Les personnages de Karin Slaughter, et particulièrement la famille Quinn, sont très spéciaux ; ils n’ont rien de particulièrement attachant, sont très intelligents à tel point que parfois ils font peur et surtout, sont des fortes têtes. Même s’ils ne sont pas doués pour montrer ou exprimer leurs sentiments, on sent que, malgré tout ce qu’ils traversent, il existe une complicité et un amour sincère dans cette famille hors normes. Si j’ai été un peu gênée par l’aspect psychologique qui prend clairement le pas sur l’enquête et le jugement de Kelly, jeune-fille accusé d’avoir ouvert le feu dans un collège, je me suis plutôt facilement laissée emporter par la plume de l’auteure, avec l’envie de savoir quelle était la vérité (passée et présente).
Charlie, Sam et Rusty (leur papa) ont vécu un drame, qu’ils ont chacun géré à leur façon, mais de l’adulte et des enfants devenues à leur tour adulte, qui s’en est le mieux sorti ? Au milieu des mensonges et des non-dits, chacun a essayé de se construire avec plus ou moins de succès. Nous nous trouvons donc confronté à des personnages complètement cabossés, qui pensent parfois peut être un peu trop aux autres avant de penser à eux. Les dialogues sont tantôt du tac-au-tac, drôles ou pleins d’ironie, tantôt portés par une réflexion très poussée, témoignant des prédispositions des personnages. Les deux sœurs ont une relation très particulière (encore une fois principalement à cause de non-dits ou d’incompréhensions) mais on sent qu’elles se soucient beaucoup l’une de l’autre, comme si elles souhaitaient que l’une, au moins, ait pu s’en sortir.
Charlie, sous ses airs de femme forte et sa grande répartie, cache une profonde blessure et le départ de son mari la plonge dans une grande détresse. J’ai trouvé quelques longueurs, il faut l’avouer, notamment lorsque Charlie doute encore et toujours de Ben (son mari) et qu’elle se complaît de sa situation ; ne faisant ainsi pas beaucoup évoluer les choses. Pourtant, les pages se tournent parce qu’on a envie de savoir; on est vraiment pris dans le tourbillon de ce que le drame du collège va engendrer sur son passage, en à peine quelques jours.

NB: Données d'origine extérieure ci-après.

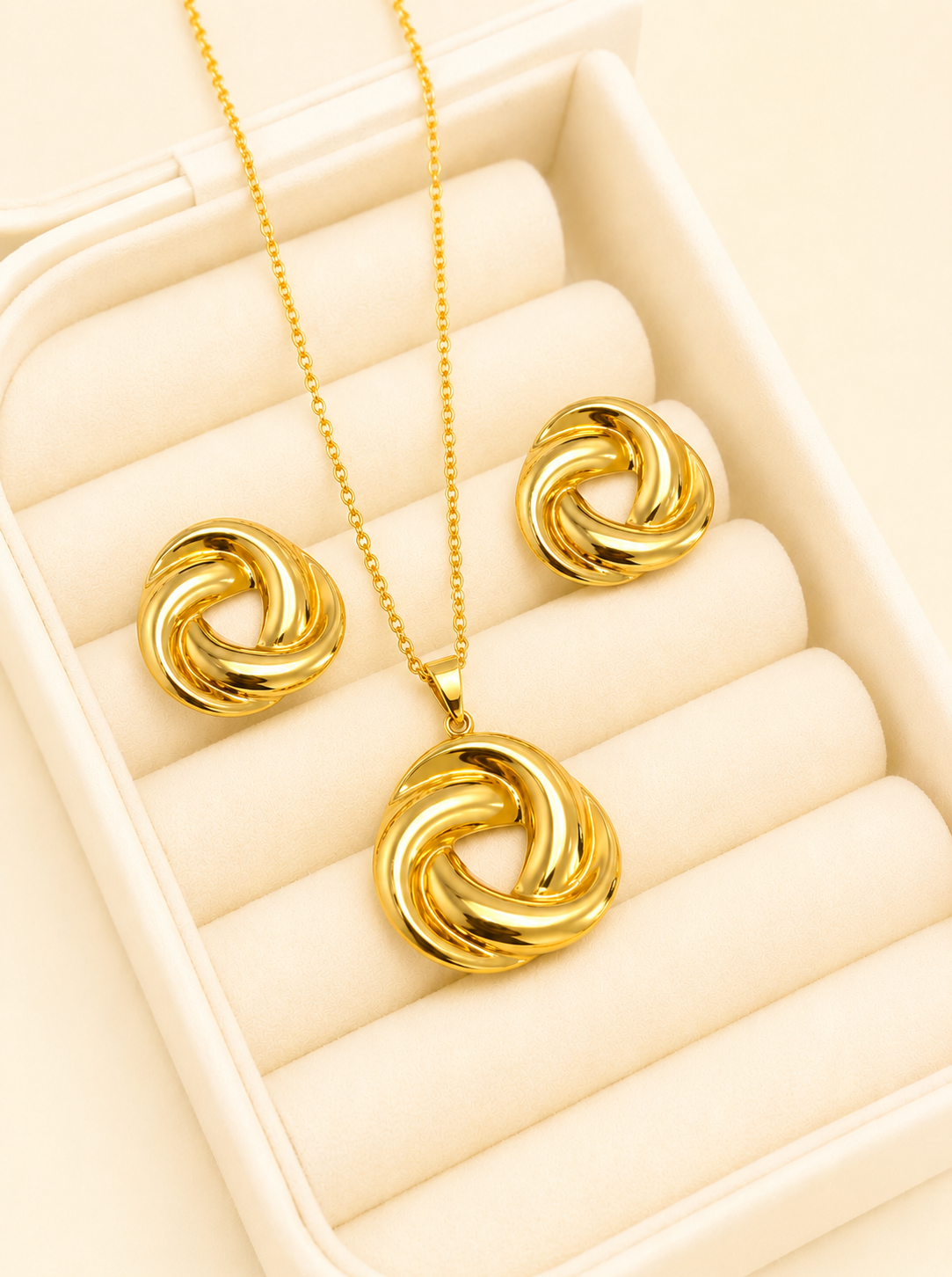 Collar y aretes caracol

Car l’intrigue principale ne dure finalement que quelques jours, quelques jours intenses durant lesquels nous sommes confronté à l’étroitesse d’esprit qu’une petite ville, la méchanceté de quelques-uns qui resurgit, les médisances et les mensonges qui sont servis pour abonder dans le sens de ceux qui nous apparaissent comme les « méchants » ; et encore, nous ne connaissons pas encore le fin mot de l’histoire. Et celui-ci, qu'il s'agisse du passé ou du présent, est renversant. Je ne vous cache pas qu’à force de suppositions j’avais découvert quelques faits mais cela va bien au-delà de ce que j’avais vu ; beaucoup de choses sont liées et Une fille modèle, c’est un peu un enchaînement malheureux (dramatique) de décisions prises par plusieurs personnages, l'effet papillon. Et si… ne peut-on pas s'empêcher de se dire (tout comme les personnages d'ailleurs).
Et au milieu de tout ça, il y a des idéalistes, des gens qui veulent donner une seconde chance… auraient-ils dû ? J'avoue avoir eu du mal à comprendre la relation de Charlie avec son père, ayant pour lma part l'impression que tout était "sa faute" à lui. On voit la propension des gens à condamner au premier regard. J’ai adoré le personnage de Sam et son implacable discours en salle d’audience, j’ai adoré Charlie, son admiration pour sa sœur et sa volonté de toujours bien faire et j’ai adoré le personnage de Lénore, l’assistante de Rusty, qui n’est pas ce qui parait et qui semble être la seule figure stable au milieu de ce champ de mines, la seule raisonnable qui prend soin de tous.
Je n’ai pas toujours compris Rusty mais les sentiments qui passent (parce qu’il faut un peu les interpréter) entre lui et ses filles sont vraiment touchants. Une fille modèle ce n’est clairement pas un livre gai, mais ce sont des personnages qui font ce qu’ils peuvent pour s’en sortir avec les cartes qu’on leur a donné, et on aime à penser qu’ils n’y arrivent pas trop mal, ce sont des meurtres dramatiques qui vont avoir des impacts sur des vies durant un long moment, c’est l’amour d’un père dont les mots vont être interprétés par une petite fille ; c’est un condensé de réactions humaines, pas forcément les plus jolies. Mes seuls bémols seront la taille des chapitres (ils sont parfois conséquents), les longueurs que j’ai parfois ressenti et la complexité des personnages qui m’ont parfois mise mal à l’aise (je n’aime pas être dépassée par les personnages).
Il est fort probable que j'emprunte Dernier souffle à Elsa, histoire de voir l’évolution de Charlie.